** Data under study follows **

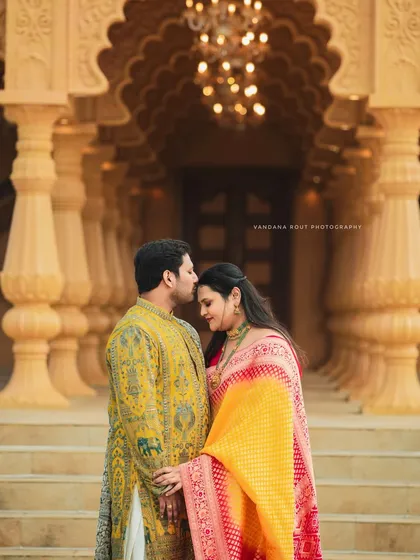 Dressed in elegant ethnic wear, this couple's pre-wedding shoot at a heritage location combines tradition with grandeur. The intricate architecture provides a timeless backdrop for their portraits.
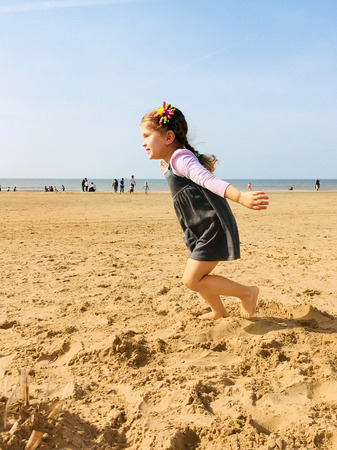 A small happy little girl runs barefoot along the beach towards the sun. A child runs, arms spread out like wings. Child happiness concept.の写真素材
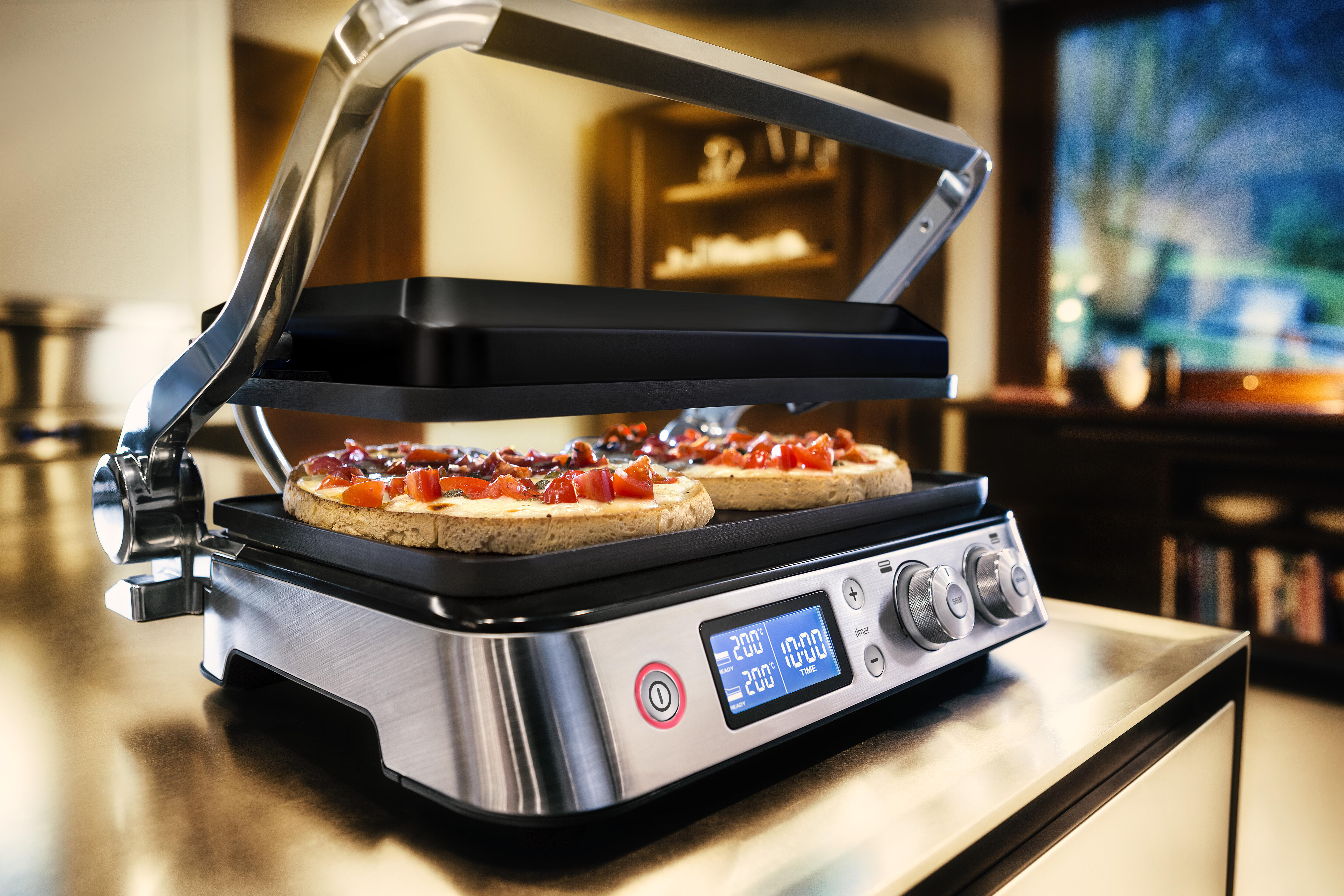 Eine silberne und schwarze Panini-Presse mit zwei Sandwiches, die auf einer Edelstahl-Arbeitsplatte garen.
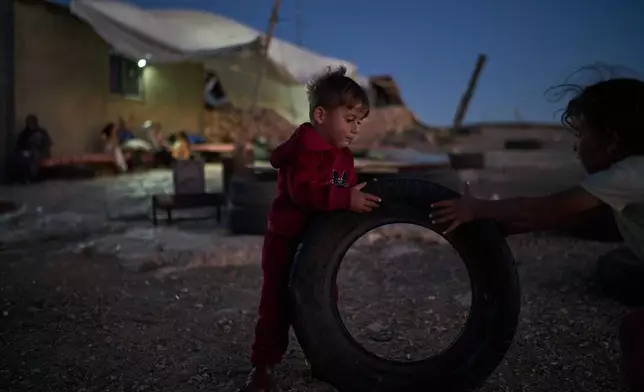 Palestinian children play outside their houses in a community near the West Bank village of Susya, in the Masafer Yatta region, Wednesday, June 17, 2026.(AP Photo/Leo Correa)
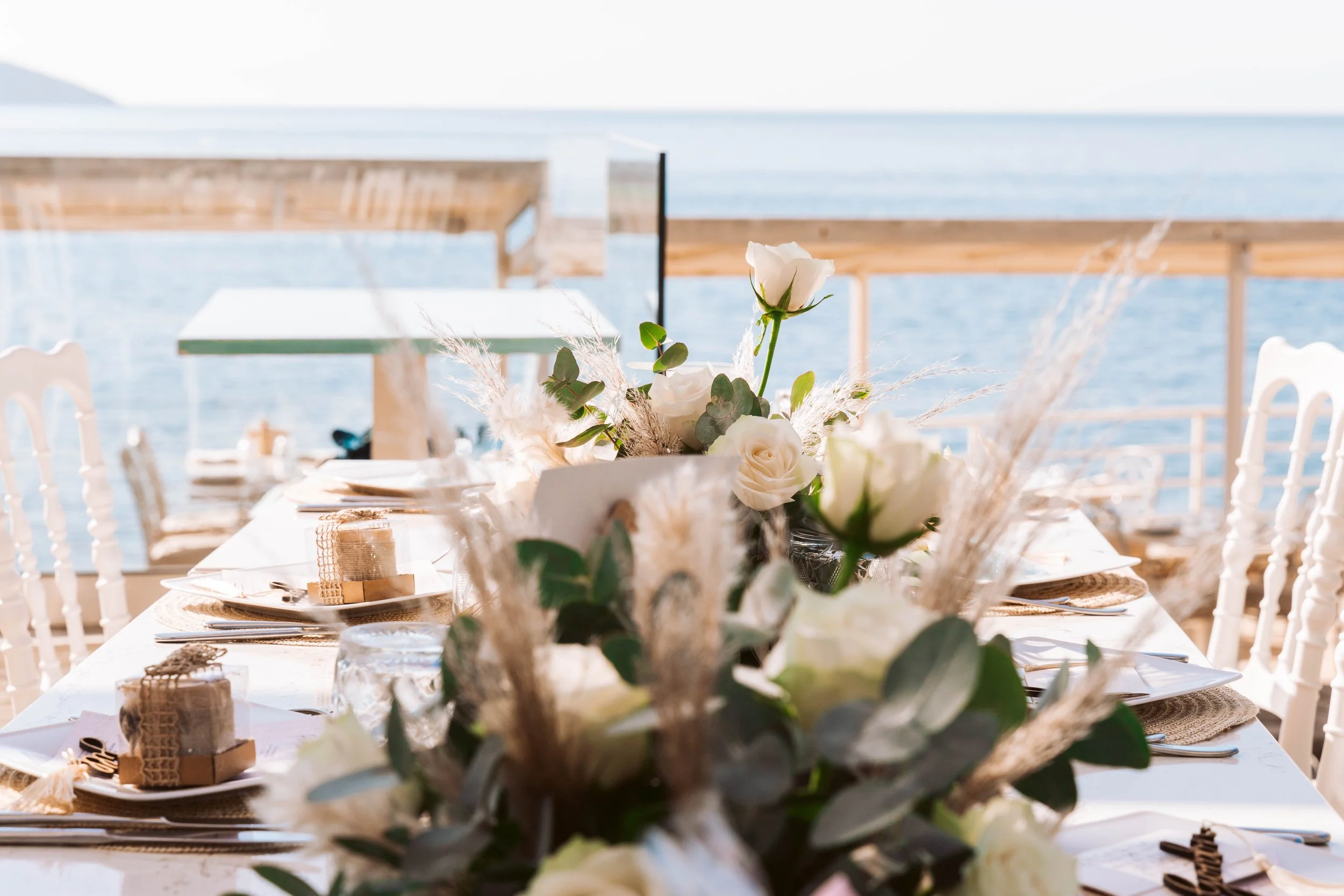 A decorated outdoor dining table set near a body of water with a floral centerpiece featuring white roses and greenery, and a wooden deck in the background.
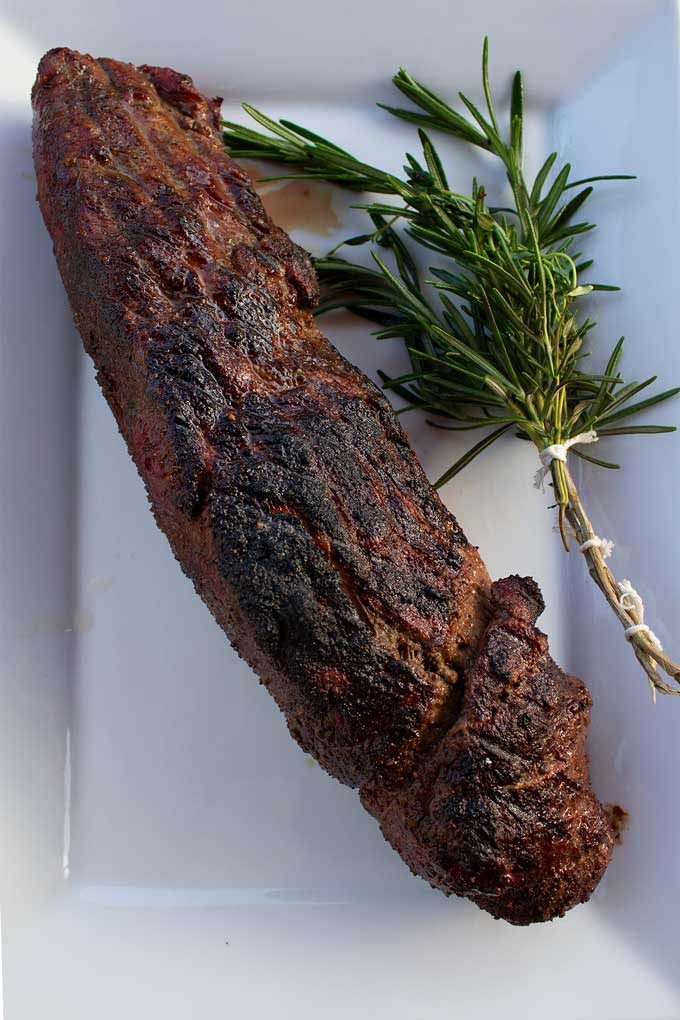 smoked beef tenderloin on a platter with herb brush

** End of Data under study **
** Data under study follows **

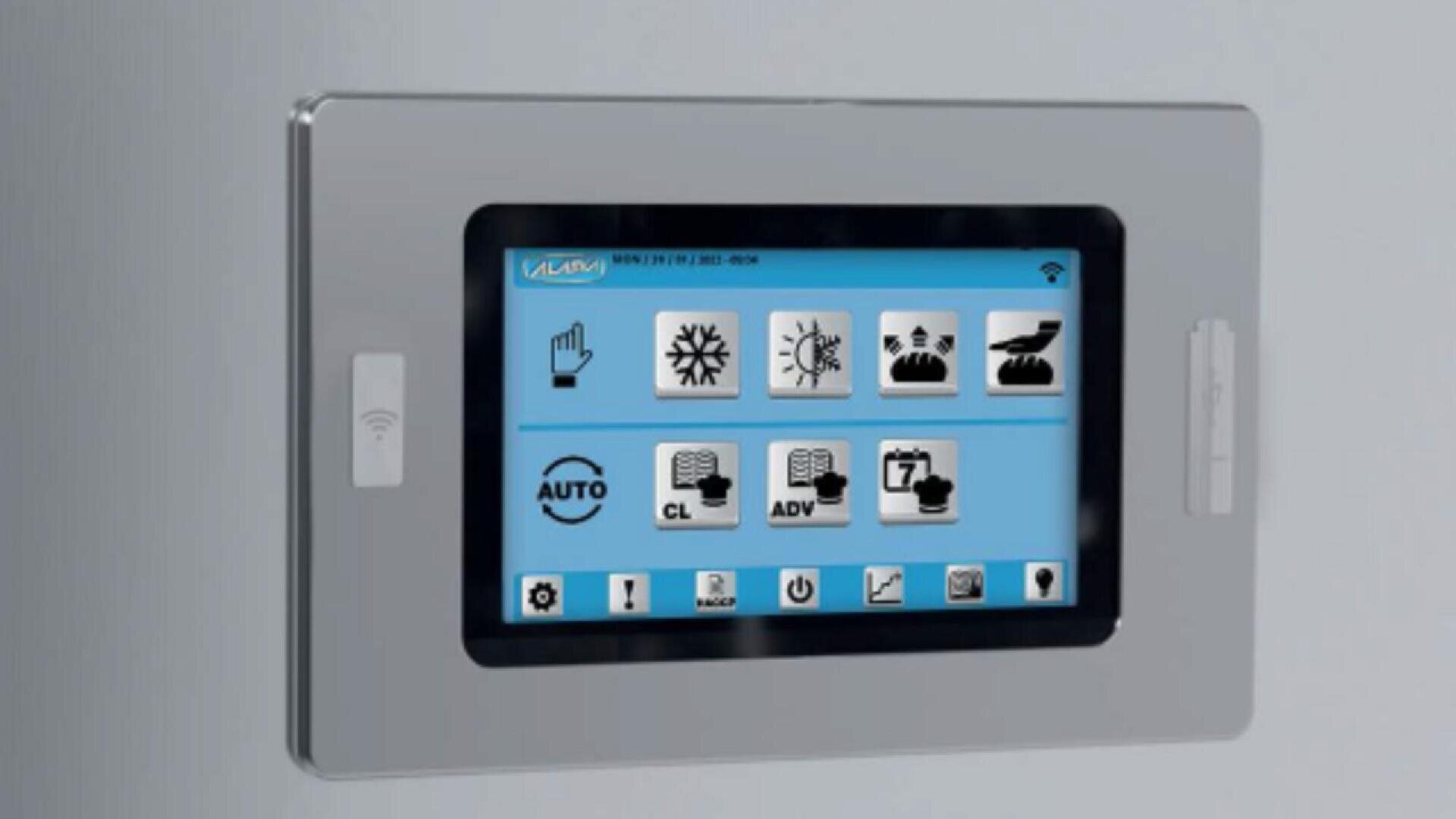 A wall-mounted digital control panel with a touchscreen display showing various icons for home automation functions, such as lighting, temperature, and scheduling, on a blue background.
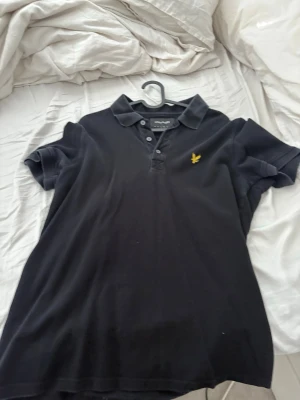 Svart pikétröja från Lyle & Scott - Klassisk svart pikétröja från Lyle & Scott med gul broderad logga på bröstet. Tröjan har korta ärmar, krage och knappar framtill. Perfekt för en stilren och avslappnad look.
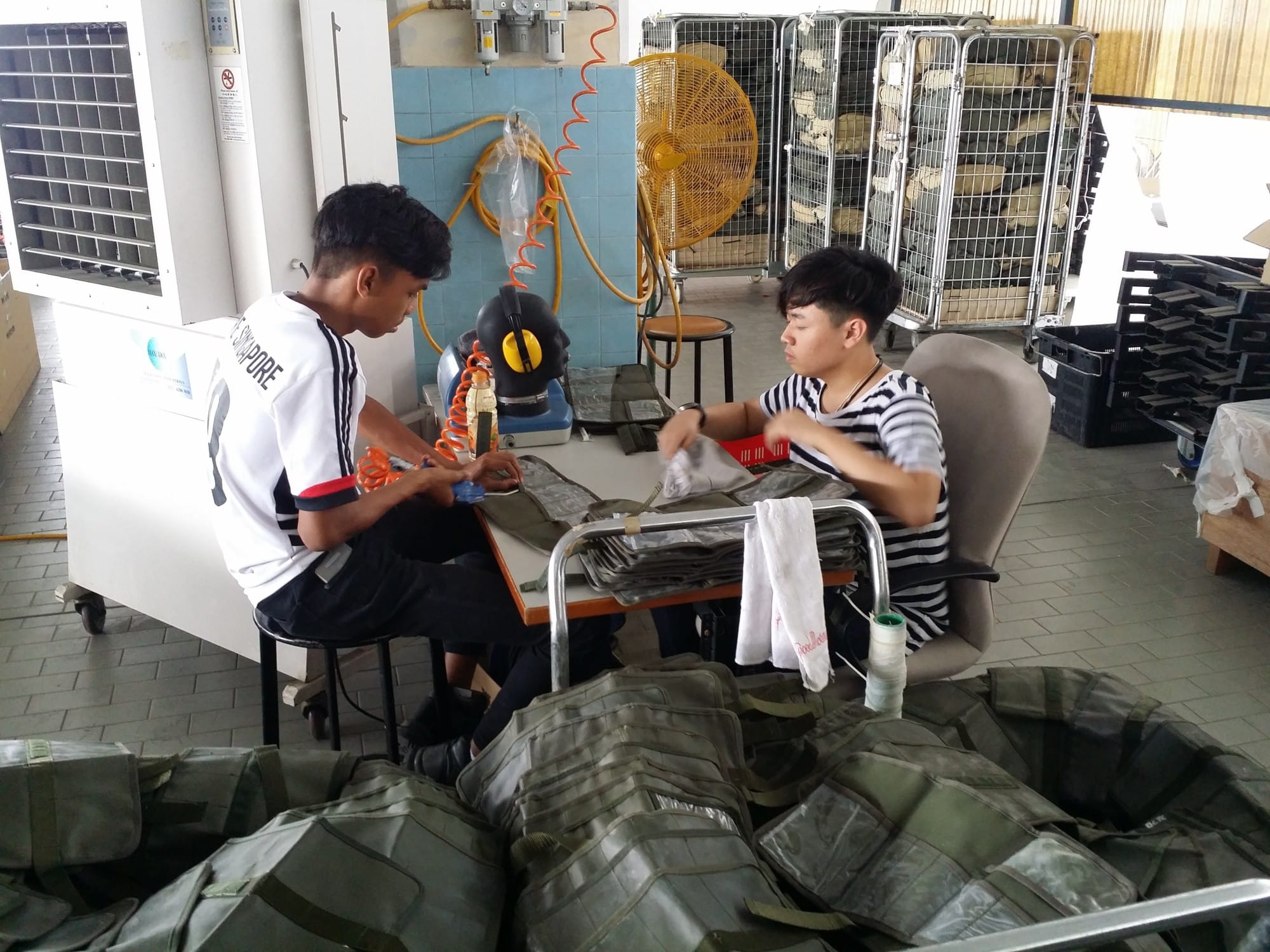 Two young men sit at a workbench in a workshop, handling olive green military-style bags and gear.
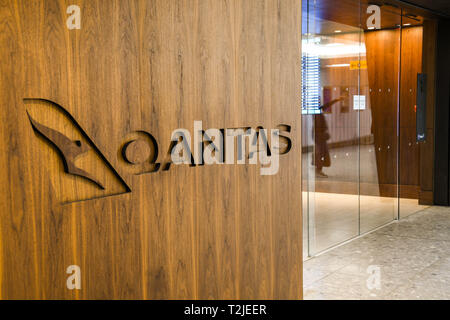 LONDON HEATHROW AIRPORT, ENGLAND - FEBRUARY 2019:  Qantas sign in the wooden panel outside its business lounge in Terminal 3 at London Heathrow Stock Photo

** End of Data under study **
** Data under study follows **

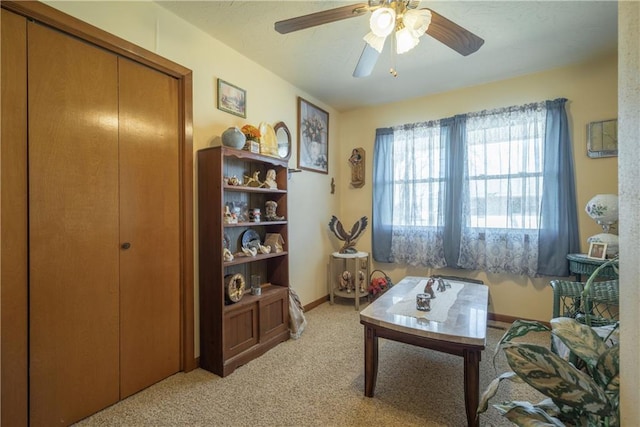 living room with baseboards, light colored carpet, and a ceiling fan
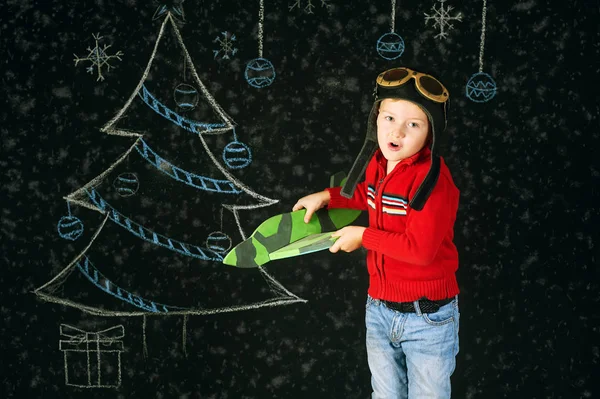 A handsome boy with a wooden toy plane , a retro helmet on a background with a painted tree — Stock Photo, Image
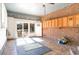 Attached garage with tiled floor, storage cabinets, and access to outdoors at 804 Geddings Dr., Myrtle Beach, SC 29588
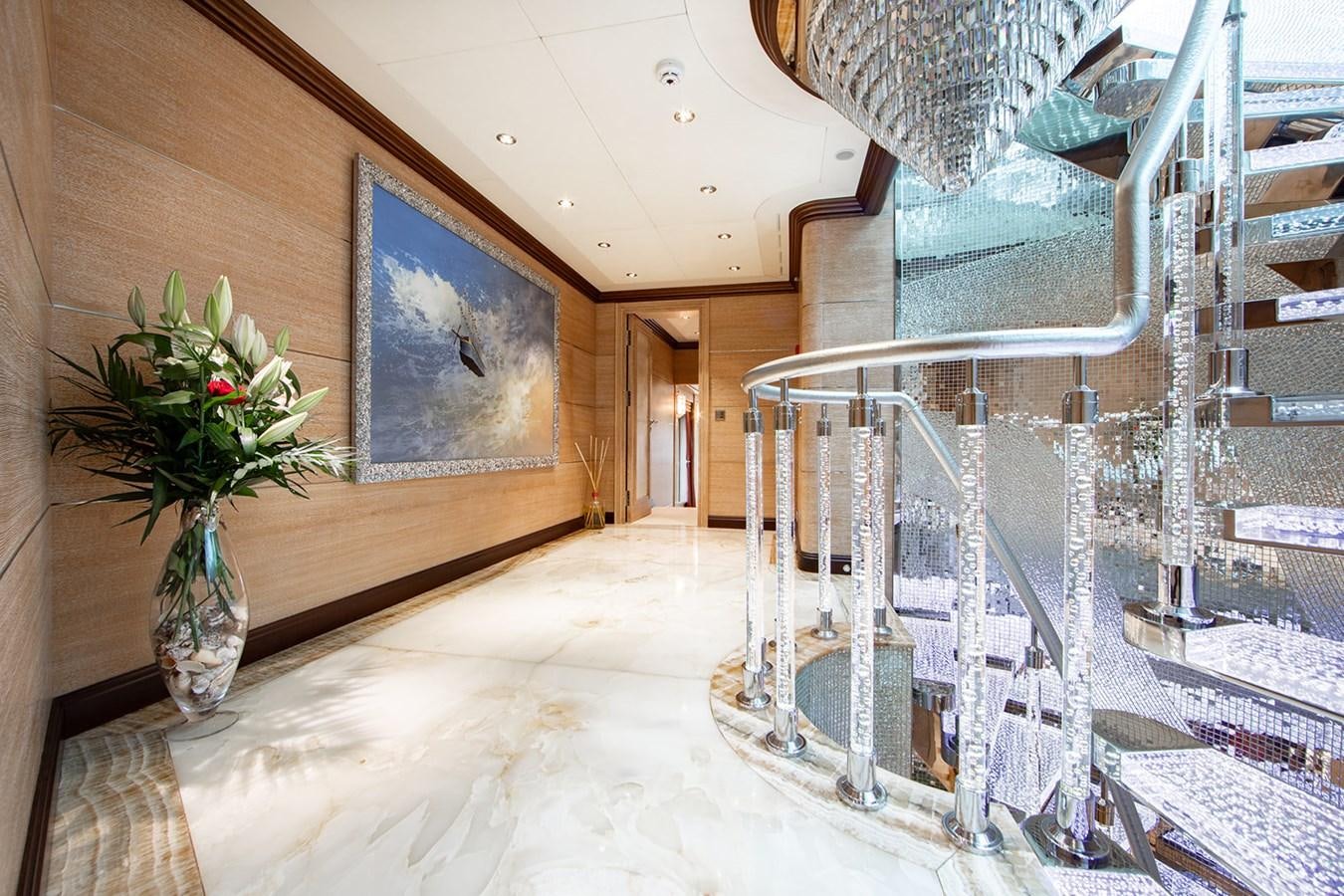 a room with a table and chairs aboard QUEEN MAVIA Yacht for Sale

** End of Data under study **

## Problem requirements
Look above for the line with "A decorated outdoor" and copy exactly from it through the line with "smoked beef tenderloin", both included. Omit the pictures.

## Output of the task
 A decorated outdoor dining table set near a body of water with a floral centerpiece featuring white roses and greenery, and a wooden deck in the background.
 smoked beef tenderloin on a platter with herb brush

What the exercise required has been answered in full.